Is your feature request related to a problem? Please describe. It would be great to have a streamlined plotting of the DQM plots produced in the GitHub validation action, as well as other standard validation plots each subsystem needs.

Describe the solution you'd like @tomeichlersmith has started making some of this for Ecal and I'd like to import that to ldmx-sw. His repo is already set up to run comparisons across versions, and is equipped to use with notebooks. The idea would be to have the plotting tool be general, with the possibility to run system specific simulations (e.g. what type of beam you'd like and starting from where), and list the histograms you want to plot.

Describe alternatives you've considered That we start something from scratch.

Additional context This validation plot suite could also be included as the end step of our automatized GitHub validation action triggered by PRs.

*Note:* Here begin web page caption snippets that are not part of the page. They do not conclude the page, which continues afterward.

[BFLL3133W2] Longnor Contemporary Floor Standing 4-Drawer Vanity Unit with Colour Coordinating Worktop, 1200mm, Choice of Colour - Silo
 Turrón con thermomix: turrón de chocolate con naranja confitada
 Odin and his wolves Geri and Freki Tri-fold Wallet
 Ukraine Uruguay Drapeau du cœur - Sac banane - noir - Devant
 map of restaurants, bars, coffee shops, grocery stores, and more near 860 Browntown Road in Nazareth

This way we'd make it easier to actually inspect the gold/new comparison plots.

tvami commented 3 weeks ago

Does this issue just mean that we should use https://github.com/LDMX-Software/ldmx-sw/tree/trunk/Validation in the CI?

tomeichlersmith commented 3 weeks ago

I'm not sure if that was the original intent, but I do think it would be a good idea to have the plotting code used in the CI be something that humans can use directly as well.

We would need to use NumPy's KS test rather than ROOT's which isn't a large problem. The PyROOT script I wrote for the CI can be used as a potential reference although we could probably be a bit more careful and make sure the plots are prettier and maybe combine them into a slide-deck rather than a directory for easier browsing by reviewers.

bryngemark commented 3 weeks ago

@tvami yes this is what i had in mind, originally, and i still think it's a good idea. as @tomeichlersmith implies, making human interactions with the CI output easier would be a good step forward.

it would be particularly amazing if failed test plots could be attached to the PR by the action, in some non-obscure location (avoiding the whole artifact downloading, untarring, etc), perhaps even to the thread itself? we're not penalized for using large amounts of data for our discussions, right?

tomeichlersmith commented 3 weeks ago

We are not penalized directly for using large amounts of data within discussions, but we are prevented from doing so indirectly.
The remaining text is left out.